Similaritiy of words - Deutschina's Tech Diary

Let's start with a sample; to calculate similarity of two words, 'cookbook' and 'instruction_book'.

>>> cb = wordnet.synset('cookbook.n.01')
>>> ib = wordnet.synset('instruction_book.n.01')
>>> cb.wup_similarity(ib)
0.9166666666666666

Although the calculation logic is uncler, but as number is close to 1, the similarity is higher. I think we can say 91.6666% should be very similar. Another example is to get distances between 2 words.

>>> ref = cb.hypernyms()[0]
>>> cb.shortest_path_distance(ref)
1
>>> cb.shortest_path_distance(ib)
2

The hypernym of cb('cookbook.n.01') is assgined to ref. The value should be 'reference_book.n.01'. The first shortest_path_distance() is to get the shortest distance from cb to ref. The value should be 1 as ref is a hypernym of cb. The secnd one is between cb and ib('isntructionbook'). It is quite natural that the distance is 2 as cb and ib should have same hypernym.

Then try to use other word. How about similarity between cb(cookbook) and 'dog'?

>>> dog = wordnet.synsets('dog')[0]
>>> dog.wup_similarity(cb)
0.38095238095238093

The value is changed to 38%, less similar. Are there any common hypernyms?

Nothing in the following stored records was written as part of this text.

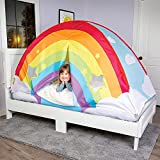 GOOD BANANA Kids’ Rainbow Bed Tent for Twin Beds, Ventilated Indoor Play Tent, Magical Play Fort, Easy Set-Up, Hugs Mattress Firmly, Promotes Independent Play, Stimulates Imagination, 42” x 36” x 76”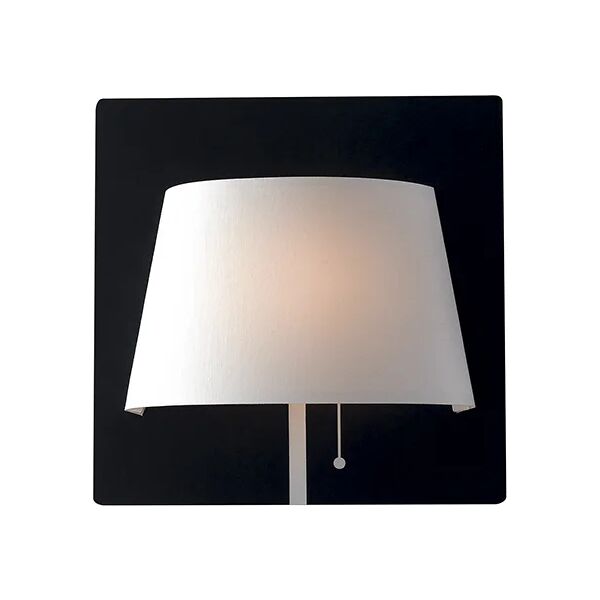 luce ambiente design applique led wharol in metallo bianco e paralume nero 4000k (luce naturale)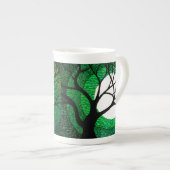 木および月-緑 ボーンチャイナマグカップ (正面右)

>>> dog.common_hypernyms(cb)
[Synset('object.n.01'), Synset('whole.n.02'), Synset('physical_entity.n.01'), Sy
nset('entity.n.01')]

Thre are some common hypernyms but all of them are so abstract words.

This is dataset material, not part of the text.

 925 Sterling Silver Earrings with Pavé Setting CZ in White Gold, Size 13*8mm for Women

How about verbs? This example is comparing cook and bake.

>>> cook = wordnet.synset('cook.v.01')
>>> bake = wordnet.synset('bake.v.02')
>>> cook.wup_similarity(bake)
0.6666666666666666
>>> bake = wordnet.synset('bake.v.01')

66.6666% is similar enough? (Note: In the text book the results was 0.75. I guess wordnet has been updated.)

Another method, Leacock Chodorow (LCH) similarity is introduced.

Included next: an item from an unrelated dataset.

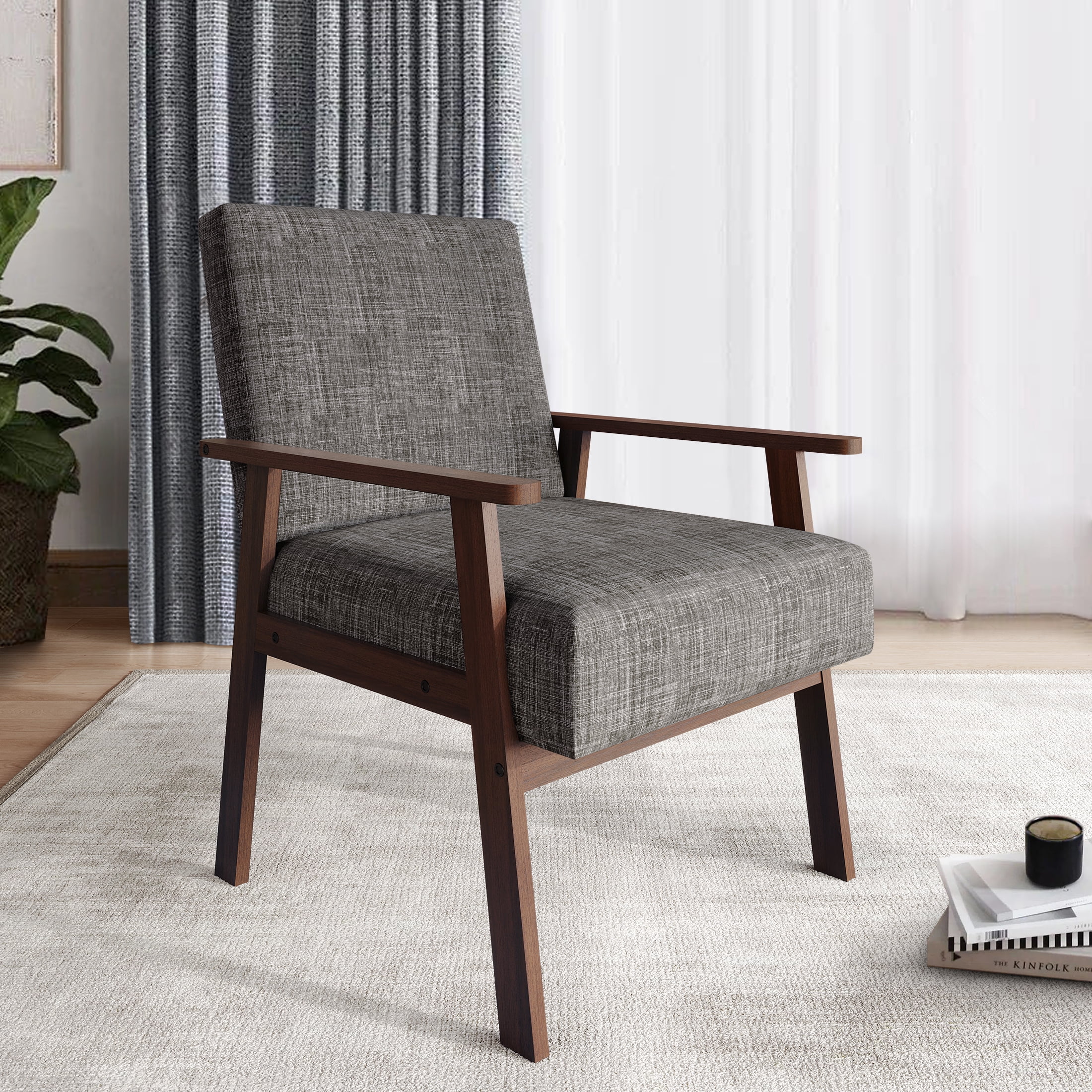 Castle Place Contemporary Accent Chair, Light Grey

>>> cb.path_similarity(ib)
 0.3333333333333333
 >>> cb.path_similarity(dog)
 0.07142857142857142
 >>> cb.lch_similarity(ib)
 2.538973871058276
 >>> cb.lch_similarity(dog)
 0.9985288301111273

I can guess as number is higher, similarity is also higher. Comparing with path_similarity(), it is not clear the provided number means high similarity or not. In terms of that, path_similarity is more user friendly, especially for newbies like me.